Is Speech Still Free If It’s Filled With Hatred?


Hate speech: we have all heard the term at least once or twice, either on the news, from our older siblings in college, or one of our overly political friends, but what is it? According to Merriam Webster, hate speech is “speech expressing hatred of a particular group of people.” Now that seems pretty cut and dry, but if we dig into the concept of “hate speech,” there are a few concerns that come up. Is hate speech protected under the First Amendment? If so, how much? Are there any limitations of the First Amendment? If not, should there be? Who decides what we consider hate speech?
My favorite quote from Benjamin Franklin is, “If all printers were determined not to print anything till they were sure it would offend nobody, there would be very little printed.” I would even argue that if we were to make sure what we wrote or said never offended anybody, nothing would be worth writing or saying. Believe it or not, we technically do not have any hate speech laws in the United States.
I don’t think people want to purposely be hateful or deliberately hurt someone’s feelings. One of the biggest problems that arises when hate speech comes up is determining what is considered hateful to people. Now that seems like a relatively simple question to answer. The problem is what I might find offensive may be completely different from what you may find offensive.
Our Founding Fathers believed that freedom of speech is an inalienable right, with inalienable meaning, “incapable of being alienated, surrendered, or transferred.” The government cannot take away our freedom of speech because it was never theirs to begin with. Freedom of speech is given to us either from God[s] or nature. The role of our government is to protect our rights. If we were to enforce hate speech laws, we would be making a mental minefield for people because, God forbid, we say something that might offend someone.
Now we should address the extremes. Should we allow radical people to say whatever they want? My answer is, we have to. For example, I think people should have the right to be racist and make racist remarks. Now, I disagree entirely with what they say, but I will defend their right to say those things. I don’t think we should shut down speech simply because you disagree with it. Freedom of speech is not always hearing stuff you agree with that is not freedom of speech. The book 1984 describes a totalitarian society where the government controls every aspect of people’s lives. Every year the government would ban words that people can no longer use. The dictionary slowly becomes smaller and smaller. How is that practice any different than what people want to do with hate speech laws?

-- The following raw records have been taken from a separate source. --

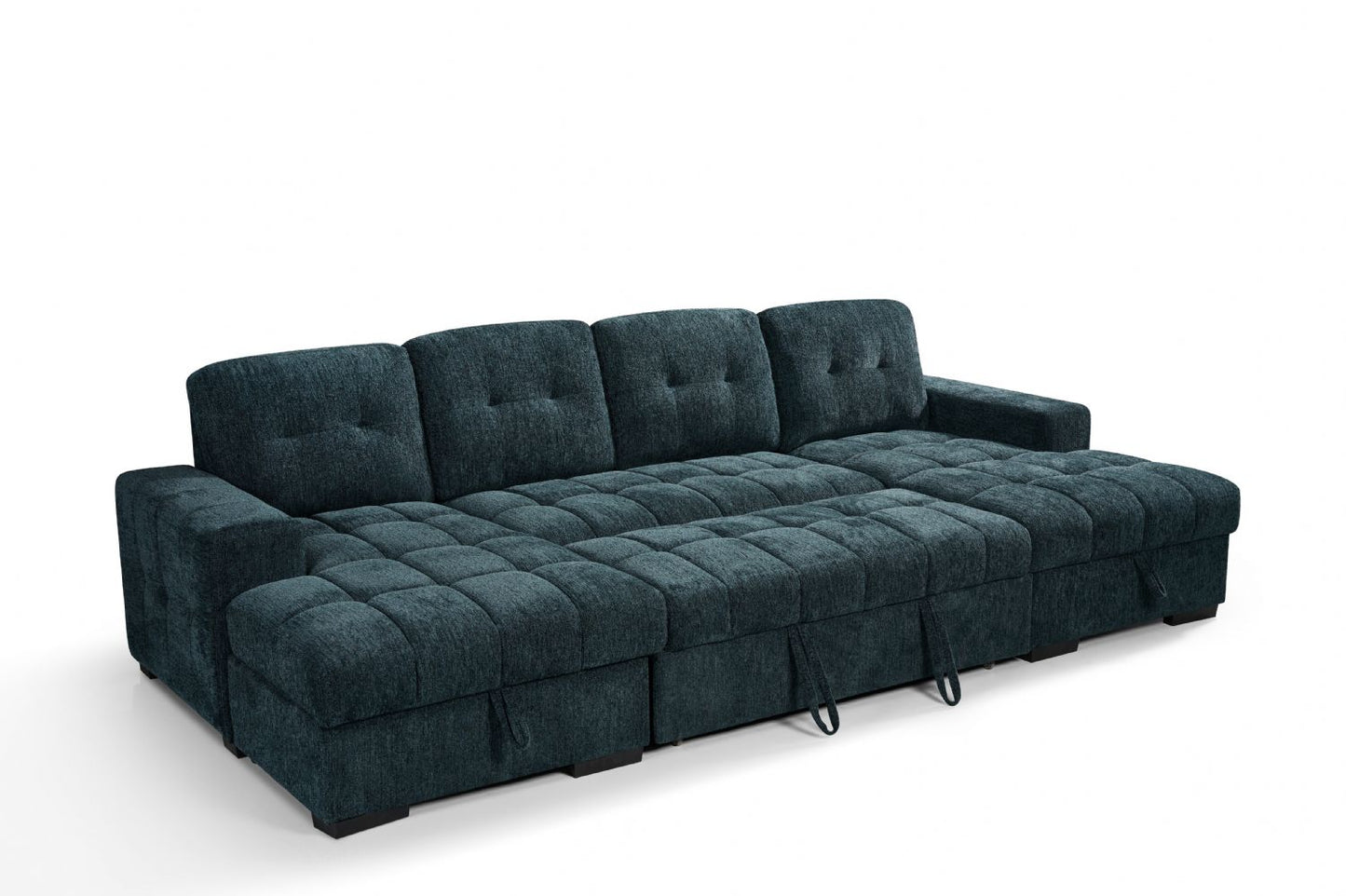 Teal Fabric Large U Shape Corner Chaise Sofa Bed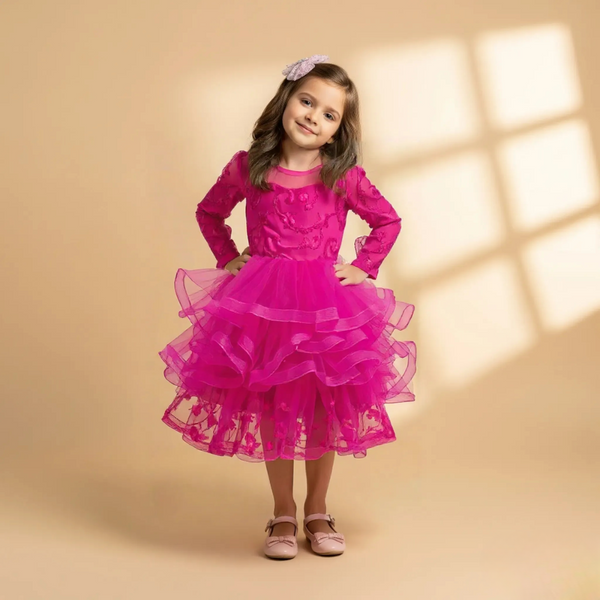 Fuchsia Fairytale Long Sleeves Princess Dress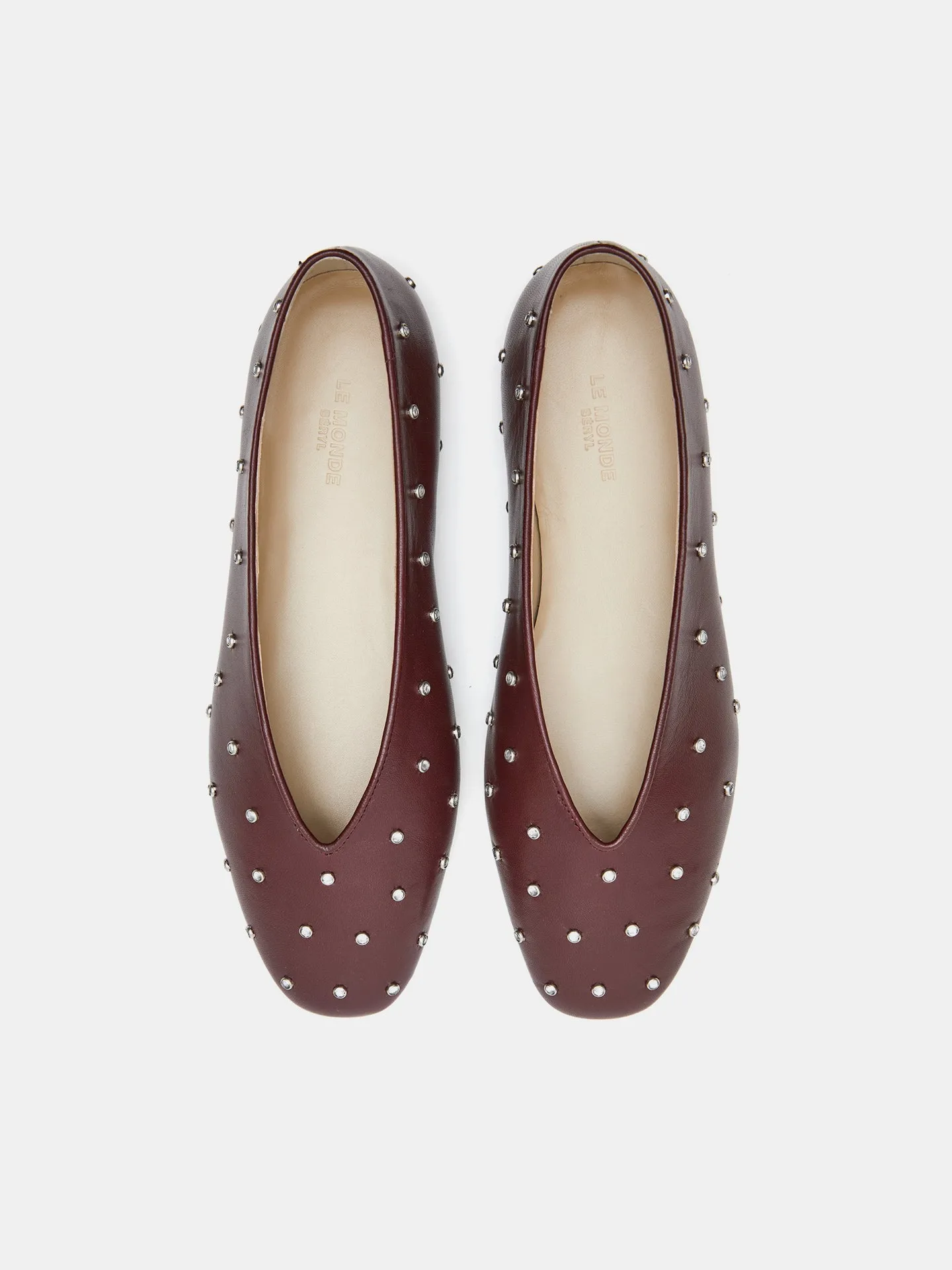 Regency Slipper / Oxblood Leather Crystal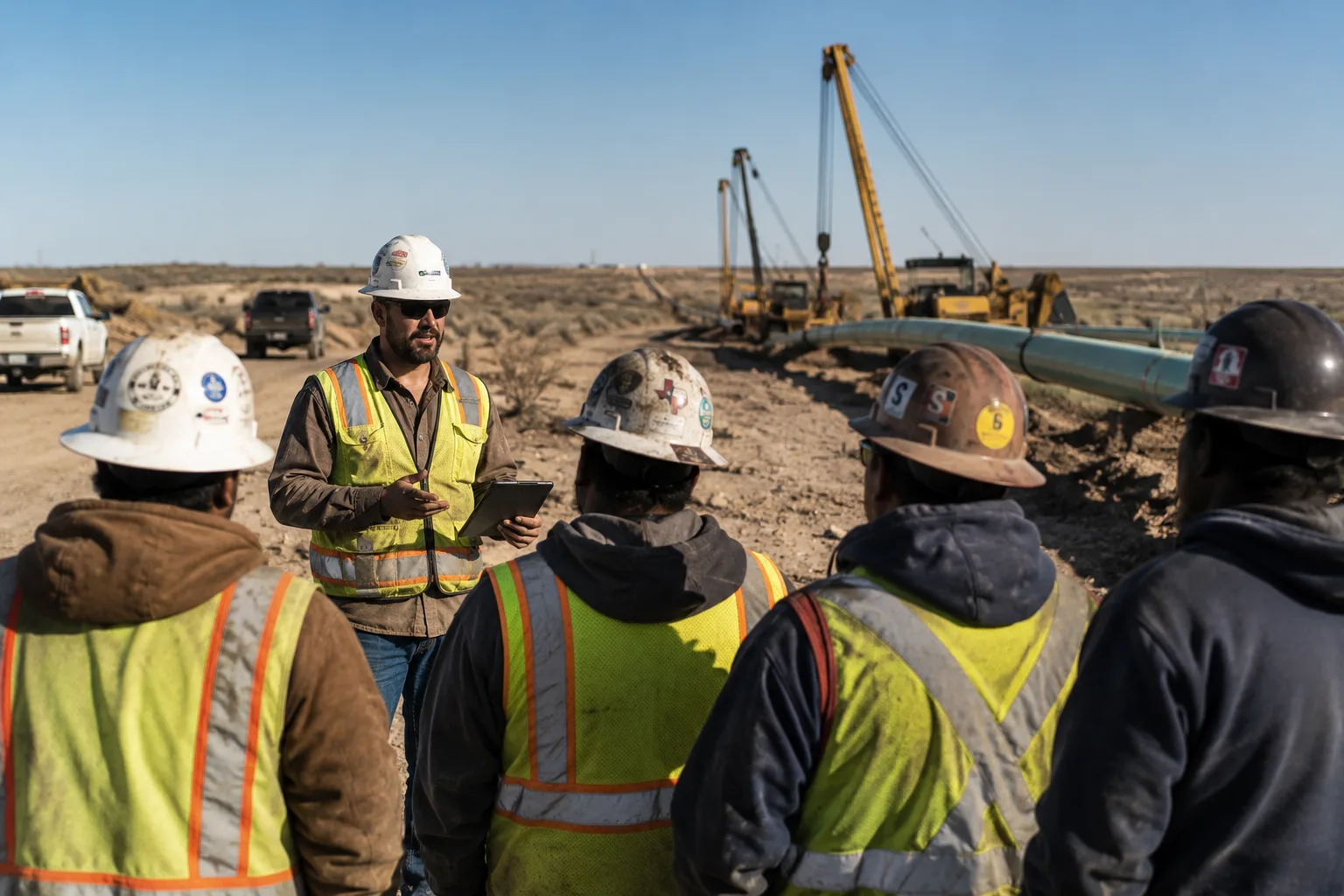 Construction foreman leading a tailboard safety meeting with crew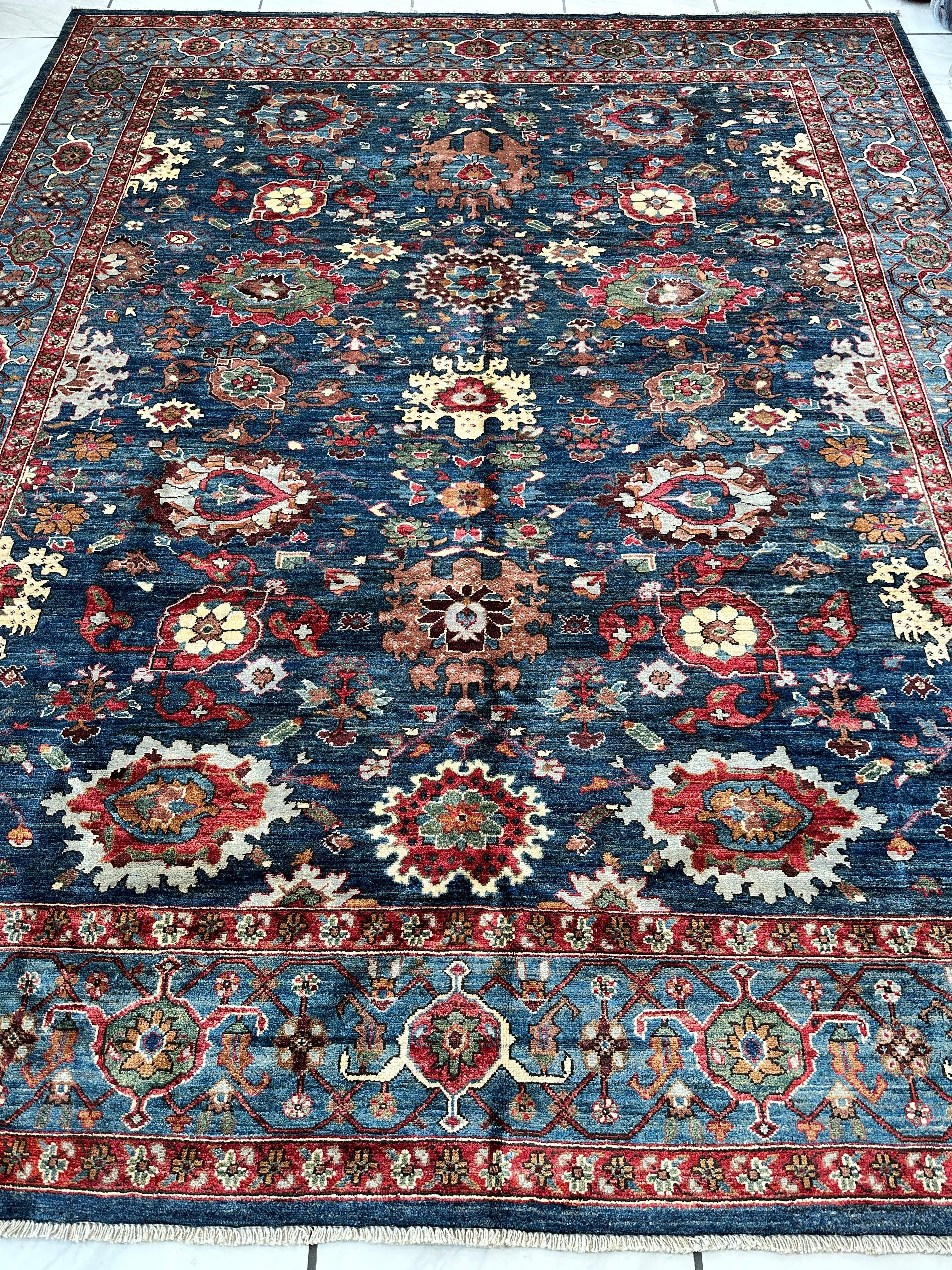 Trasitional Serapi Ghazni Wool Rug – 8' x 10’ – Intricate Floral Design by Rugistan - product image 3 for Resin Society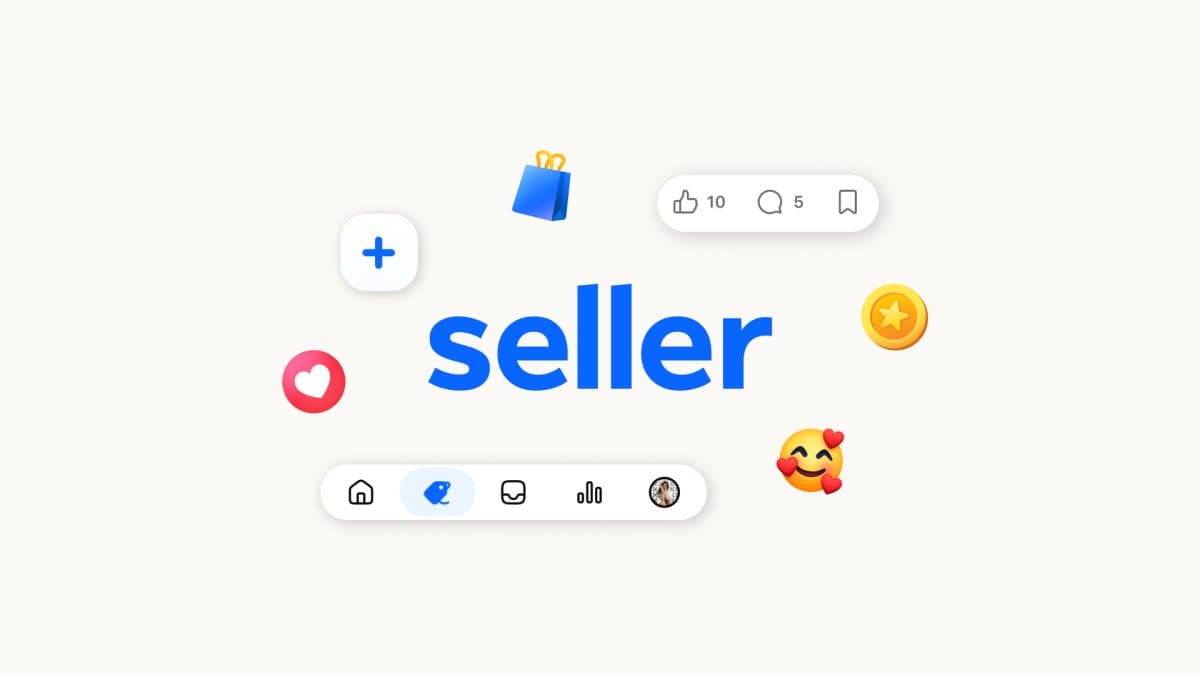 Gráfico promocional de Meta para la app Seller, con el nombre de la app e iconos de la interfaz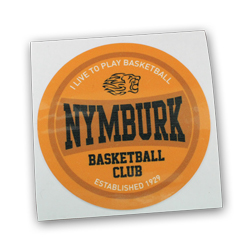 Samolepka Basketball Nymburk oranžová 8cm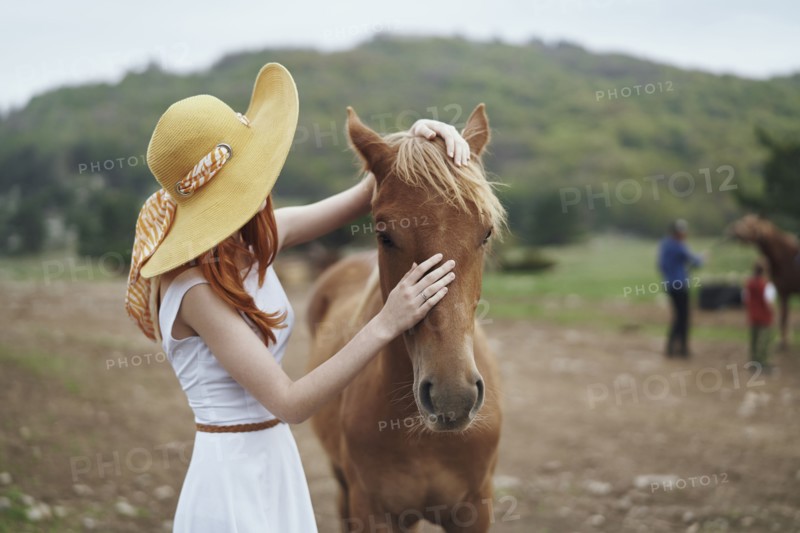 Woman petting horse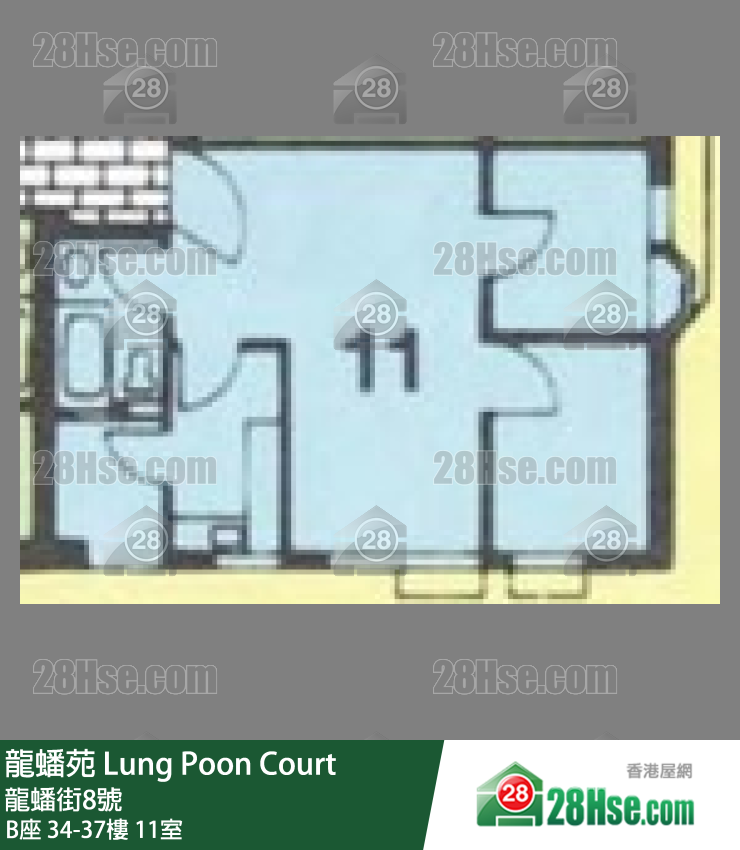 龍蟠苑 B座37樓 11室 平面圖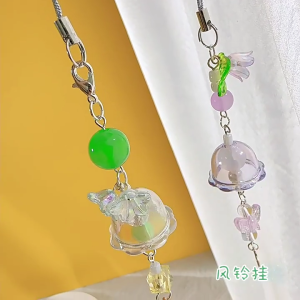 Cute Flower Wind Chime Pendant Phone Straps Lanyard Pocket Keychain Strap Backpack Charm Car Key Decoration Chain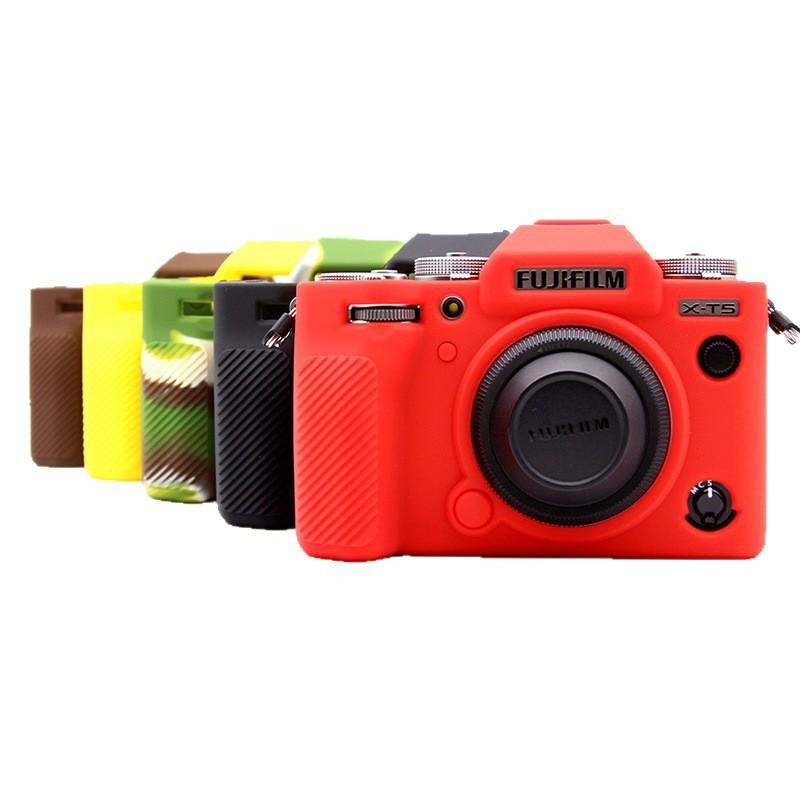 Silicone Camera Case Fujifilm X-T5 Mirrorless - Shockproof Protective Cover In Black Coffee Red Yellow Camo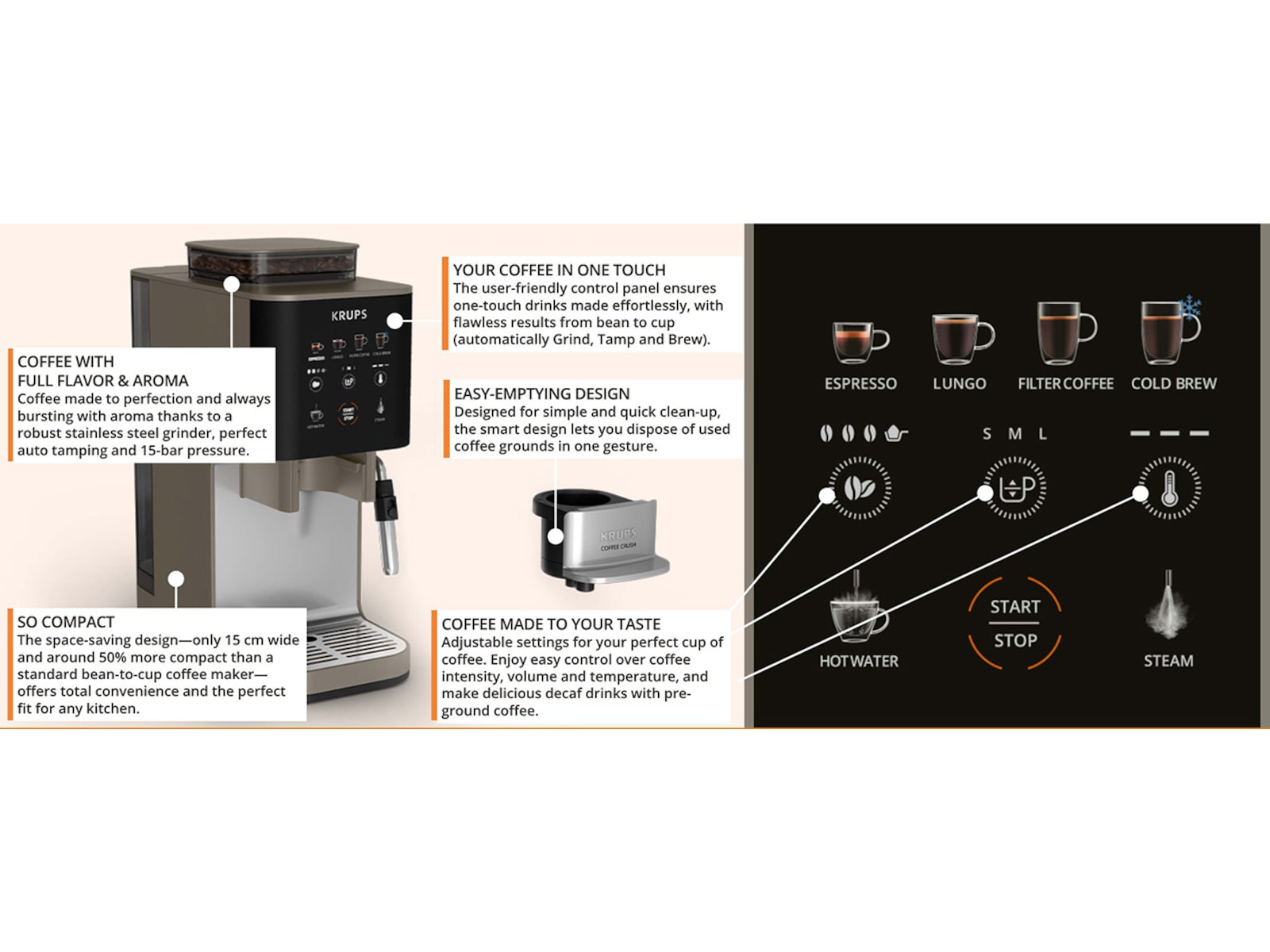 Krups Coffee Crush Experience espressomaskin 1,8L SA403BE0 Espressomaskiner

I do not trust any government to decide for people what we can and cannot say.
The next question is, should there be limitations to our freedom of speech? My answer to that is no. What about the old argument of, “you can’t call fire in a crowded movie theater”? Well, yes you can, as long as there is a fire. The only limitation of speech is the call to action which is different from freedom of speech. For example, you can say, “I want to beat Nate to a pulp” or, “I want to push Nate down the stairs,” both of which are acceptable to say. However, you cannot tell someone to, “Go beat Nate to a pulp” or to, “Go push Nate down the stairs.” It’s the call to action that is the issue, not the speech. There is no line between freedom of speech and hate speech as we have defined it, therefore it is protected under the First Amendment.
Now the argument also comes to this: if we can not trust the government to define it, why not let the people decide? The only issue with that approach then turns into mob rules. Benjamin Franklin said, “Democracy is two wolves and a lamb voting on what they are going to have for lunch. Liberty is a well-armed lamb contesting the vote.” Not long ago, the majority thought that the Earth was flat, that the sun revolved around the Earth, and that slavery was socially acceptable. The United States is not a democracy: it never was. We live in a Constitutional Republic, where we have elected representatives who clarify and enforce the rules of our Constitution. Our Founding Fathers made our country the way they did by design. Our Founding Fathers built our government to protect the minority just as well as the majority.
I also want to point out that every social movement that has ever existed to better society has started with speech. The American Revolution, Women’s Suffrage, the black freedom movement, the labor movement, the environmental movement, Black Lives Matter, LGBTQ – all these movements used their right to freedom of speech. Can you imagine if hate speech existed? Do you think Martin Luther King Jr. would have made such great strides? Do you believe the feminist movement would have been as successful without freedom of speech? I don’t. Whether you agree with the First Amendment or not, you have to admit that freedom of speech has benefited minority groups far more than harming them.
Free speech is the foundation to every free thinking society, and if want to live in a free nation we can not give anyone power over what we can and cannot say.